Music recognition was one of the first applications of artificial intelligence. Music recognition software therefore belongs to the first or second wave of AI technology in the 2010s, which also saw the development of well-known chatbots such as Siri or Alexa. It therefore corresponds to ‘weak AI’ or Artificial Narrow Intelligence (ANI), which has been used to support everyday processes such as listening to music. In this part of our series on AI in the music industry, we will look at how music recognition and music recommendations work in music streaming services.
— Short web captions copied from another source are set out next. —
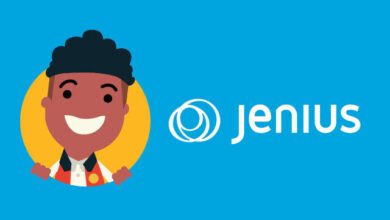 Jenius Kolaborasi dengan Zurich, Fitur Proteksi Perjalanan Kini Tersedia di Aplikasi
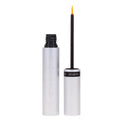 Olaplex LashBond Building Serum, 0.15 fl oz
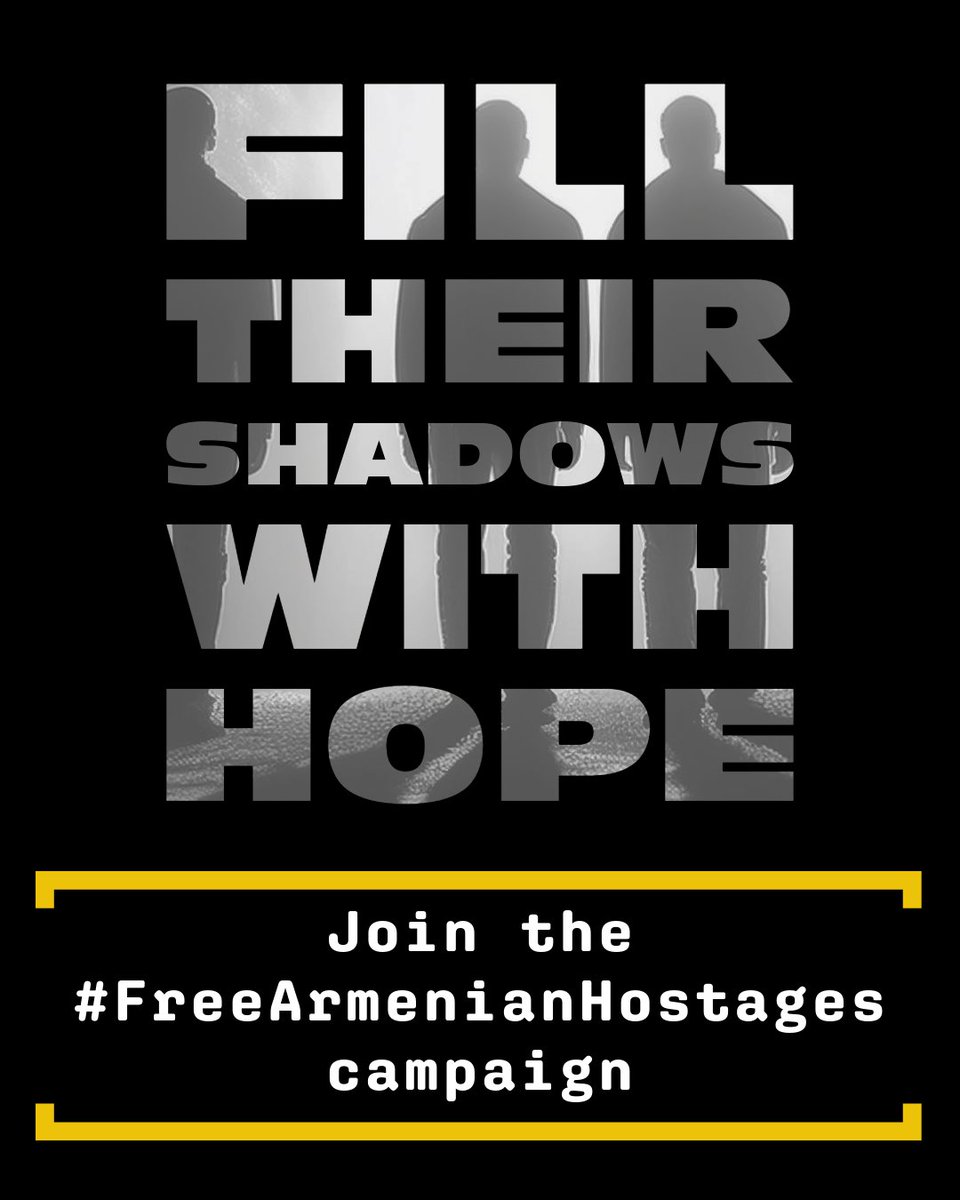 MorenoOcampo1's tweet photo. The lead-up to #COP29 is filled with promises of sustainability, but where’s the justice? A country that hosts #COP29 while committing human rights violations cannot be trusted. Act before it’s too late. #StopGreenwashGenocide #FreeArmenianHostages https://t.co/8pvA9Ezh1V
AI in the Music Industry – Part 4: AI in Music Recognition and Recommendation

Shazam’s music recognition, as impressive as it may seem, was not even originally based on artificial intelligence, as Jovan Jovanovich explains in a very detailed article on the expert platform Toptal.[1] Back in 2003, Shazam co-founder Avery Wang published the source code for the fingerprinting algorithm. Put simply, the analogue sound wave is converted into a digital signal. The frequency and amplitude of the sound wave can now be measured and clearly defined at any point in time. A discrete Fourier transformation is used to convert the time domain into the frequency domain, which can be easily mapped mathematically. Instead of the time dimension, only the frequencies of a song and their order of magnitude are visible. This is what makes a song musically distinctive and recognisable. The resulting frequency pattern can then be used to create a fingerprint of each song, which can then be compared to a song database to uniquely identify the song. Of course, the whole process is much more complicated than described here, but the basics can be understood.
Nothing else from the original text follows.